Worldtronic-Festival: Kraut süß-sauer

Elektronische Musik aus China: Das Berliner Worldtronics-Festival gibt einen Szene-Einblick.

Die Idee war waghalsig: Dimitri Hegemann, Betreiber des Berliner Technotempels Tresor, wollte vor ein paar Jahren eine Filiale in Peking eröffnen. Dort hätten unter anderem Berliner DJs aufgelegt und umgekehrt sollte irgendwann etwas aus der chinesischen Szene zurück nach Berlin sickern. Geplant war nicht weniger als eine Techno-Achse Berlin–Peking. „Die Location in Peking war bereits klar, das Konzept stand, aber Geld und Sponsoren fehlten am Ende“, sagt Markus M. Schneider, der seit rund fünf Jahren in Peking lebt und mit der Entwicklung des Projekts beauftragt war.

Nun hat er immerhin für das Haus der Kulturen der Welt, im Rahmen des sechsten Worldtronics-Festivals, den heutigen Abend mit dem Titel „Sinotronics – Modern China is too complicated“ kuratiert. Er gibt einen Einblick in die Szene der elektronischen Musik in China. Tresor-tauglichen Techno sollte man bei dieser Veranstaltung nicht erwarten. Mit Acts wie White+, Yan Yulong oder Duck Fight Goose kommen eher experimentell und elektro-akustisch ausgerichtete Acts nach Berlin. Einzig Dead J, einer der bekanntesten Elektronik-Acts Chinas, der im HKW gemeinsam mit dem Berliner DJ und Produzenten Efdemin auftreten wird, steht für eine clubmusikalische Richtung – allerdings für Clubmusik der etwas abstrakteren Art.

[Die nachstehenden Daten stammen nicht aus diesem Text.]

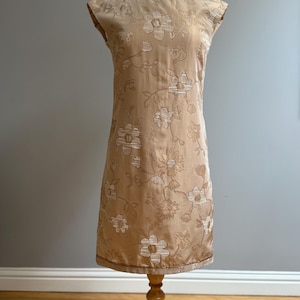 May include: A vintage beige dress with a floral pattern. The sleeveless dress is displayed on a wooden dress form. The dress features a round neckline and a straight silhouette. The floral design is in a lighter beige color.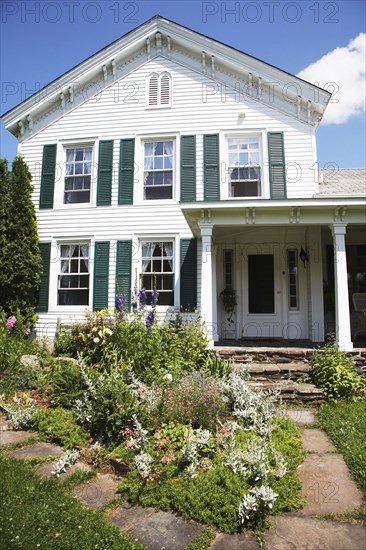 Flowerbeds outside suburban house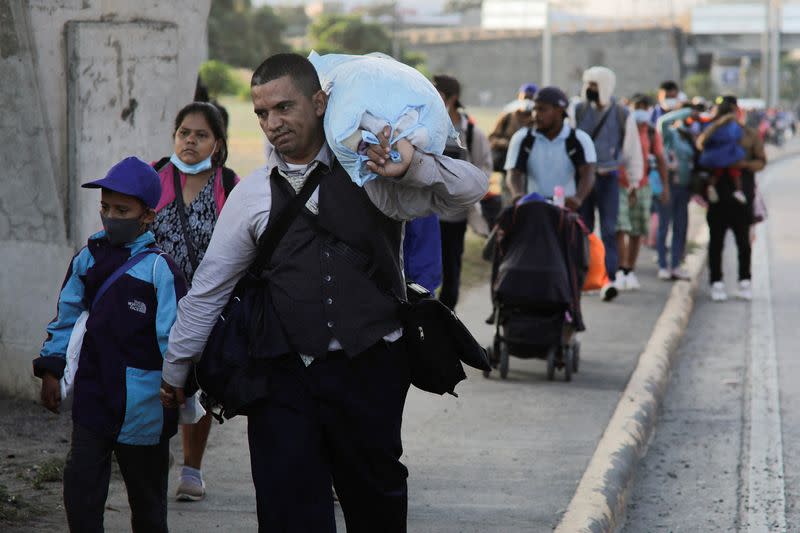 U.S.-bound migrants set off in Honduras in first caravan of 2022, in San Pedro Sula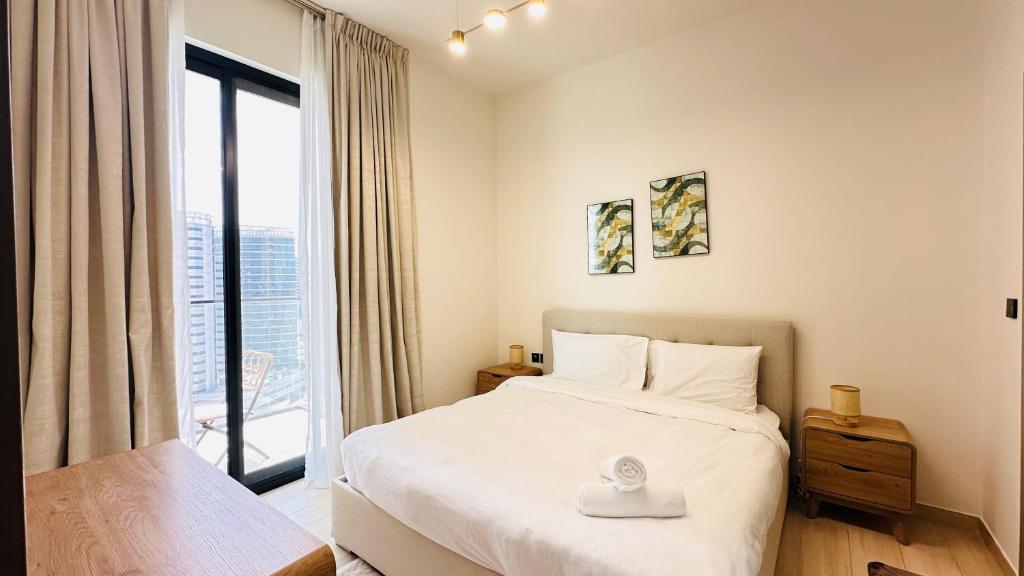 a bedroom with a bed and a large window at OYO 1290 Home Fully Furnished 1bed Apartment @JVC in Dubai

Ende der nuller Jahre war Dead J schon einmal in Berlin und hat die einstündige Dokumentation „Date“ über die hiesige elektronische Musikszene gedreht. Sie war in China zu sehen und läuft beim „Sinotronics“-Abend im Foyer der Kongresshalle als Loop.

Die viel mit Effektgeräten arbeitenden, offensichtlich auch von Drone- und Minimal Music beeinflussten Musiker, die für das Festival in Berlin ausgesucht wurden, „entsprechen eher der Szene, die man hier findet“, meint Schneider. „Die Musiker treffen sich ähnlich wie beim Jazz zu gemeinsamen Jamsessions. Das Equipment dieser Acts, das eindeutig aus dem Rock kommt, wird verwendet, um etwas zu machen, das in Richtung Krautrock geht. Die Musik ist elektronisch, kommt aber nicht aus einer elektronischen Tradition, sondern aus der Rockecke.“ In China gibt es keine elektronische Tradition, „die Geschichte der elektronischen Musik in China ist im Grunde eine ungeschriebene“, sagt Schneider und ergänzt: „Im Elektronikbereich reden wir in China von ein paar hundert Leuten – inklusive Publikum.“

Den Bruch, den die elektronische Musik im Westen mit der althergebrachten Rock- und Punkkultur gesucht hat, gab es in China nie in einer vergleichbaren Form. Denn erst seit Ende der achtziger Jahre bahnte sich dort so etwas wie Popkultur überhaupt erst an. Dann ging es rasend schnell. Eine Rock- und Punkszene entstand schließlich in den Neunzigern, „da wurde herausgeschrien, was es herauszuschreien galt“, so Schneider, der 1992 in Berlin die Galerie Niklas & Hoffmann mitgegründet hat und seit letztem Jahr das Netzwerk Metrowaves zur Förderung elektronischer Musik in China betreibt.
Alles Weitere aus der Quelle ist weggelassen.